Clare leads the Laverstoke Park Education Centre (LPEC) on the farm, which has helped introduce food and farming to over 15,000 students from schools, colleges and youth organisations since she started the charity in 2003.
Michael Lambert, Chairman of the South of England Agricultural Society said, “We are delighted to welcome Clare Scheckter as our Society President for 2015 – her experience and remit make her the perfect Champion for our theme for the year, which is The Next Generation.”
Throughout 2015, the Society will be promoting activities to attract young people into countryside careers by raising awareness of the wide range of opportunities available as well as highlighting and supporting innovation in food, growing and the countryside.
Clare Scheckter will be championing the campaign and said: “The future shape and sustainability of Britain’s countryside and rural economy will rely heavily on the imagination, innovation and enterprise of the next generation.
“With more people to feed, less space to grow food and more competition for resources – new thinking, new technology and new ways of working will be crucial to our ability to feed the nation in the future.
“Our chief aims are to celebrate achievement, inspire innovation and empower enterprise of ‘The Next Generation’ and to support and promote examples and displays of next generation thinkers and achievers across all the areas of the Society’s involvement and influence.”
Experts predict a shortfall of 60,000 workers in land based careers in the next decade and the Society will be working with all its partners, including agricultural colleges, to help raise awareness of the huge choice of jobs available, ranging from high tech, laboratory or office-based jobs to the more traditional outdoor job opportunities across all sectors in the countryside through to the retailing of the end products.
Throughout 2015, the South of England Agricultural Society will be expanding its programme of events to promote innovation and education in agriculture, showcasing the very best at its shows including the Spring Garden & Leisure Show in May, the South of England Show in June, the Autumn Show & Game Fair in October and its Festive event in December.
It will be enhancing its educational events and schemes, which include Connect with the Countryside, attracting over 2,300 primary school pupils to the showground in July to discover more about food and farming; and its educational competitions including the Young Craftsman of the Year for 14-22 year olds. The Society will also be spotlighting its scholarship and bursary schemes and emphasising its support for agricultural colleges across the six counties in which it operates, which include Berkshire, East Sussex, Hampshire & the Isle of Wight, Kent, Surrey and West Sussex.
People are encouraged to get involved by volunteering at the shows, attending events and supporting the charity by becoming a member, which includes free entry to all the shows. More info at www.seas.org.uk
Clare Scheckter’s background:
Clare will bring her self-taught knowledge of farming, food production and education to the Society.
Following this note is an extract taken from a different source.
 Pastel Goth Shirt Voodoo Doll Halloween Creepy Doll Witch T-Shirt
The 2,500-acre Laverstoke Park Farm she runs with her husband Jody makes no compromise when it comes to using both traditional and state of the art technologies to achieve extraordinary results.
They produce a huge range of biodynamically farmed fruit and vegetables as well as a wide range of livestock, including rare breeds that have almost been forgotten in Europe. Their water buffalo herd is the largest in the UK and they use the creamy milk to create mozzarella cheese, brie, Gouda and cheddar cheese as well as ice cream in their own manufacturing plant.
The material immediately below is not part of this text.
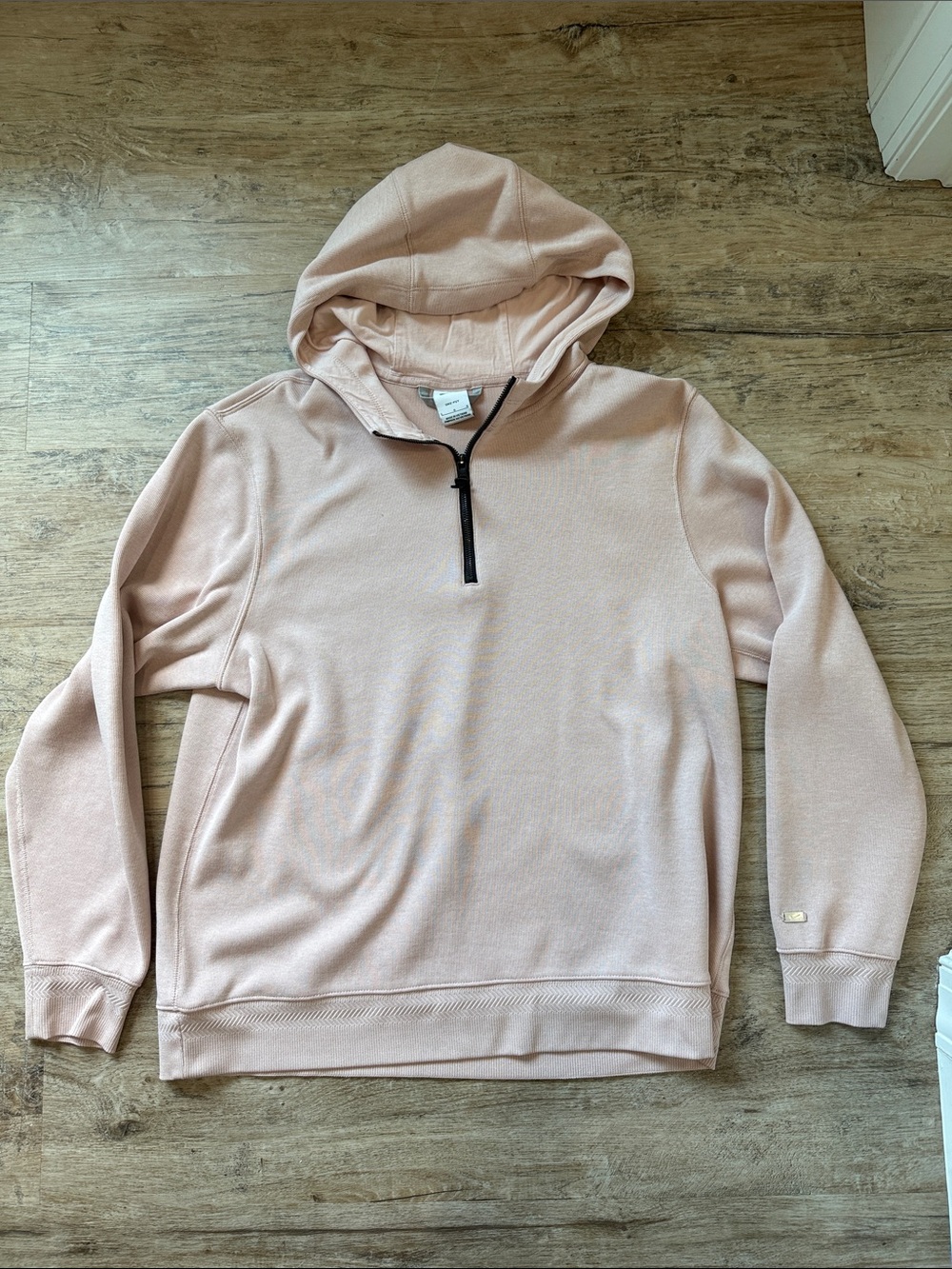 Men's Pale Pink Nike Quarter-Zip Hoodie Sweater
Their wild boar and beef herds are grass fed and organically reared and their poultry flocks enjoy a perfect state of free range and organic living, alongside each other. Laverstoke Park also has facilities to prepare all its own meat and many neighbouring farms’ meat on site for sale to market and through their superb farm shop.
Recycling green waste is a huge element of Laverstoke Park’s work where they have a seven acre composting facility capable of handling over 70,000 tonnes of green waste a year; they use some of the resulting compost on the farm and even have a soil laboratory on the farm, which farmers can send samples to for testing and advice on how to work with their soil to improve the health of their soils, and subsequently plants, without resorting to chemicals.
Clare enjoys being able to work with young people, helping them to discover where their food comes from and building their understanding of farming and nature and encouraging them to explore careers in this area.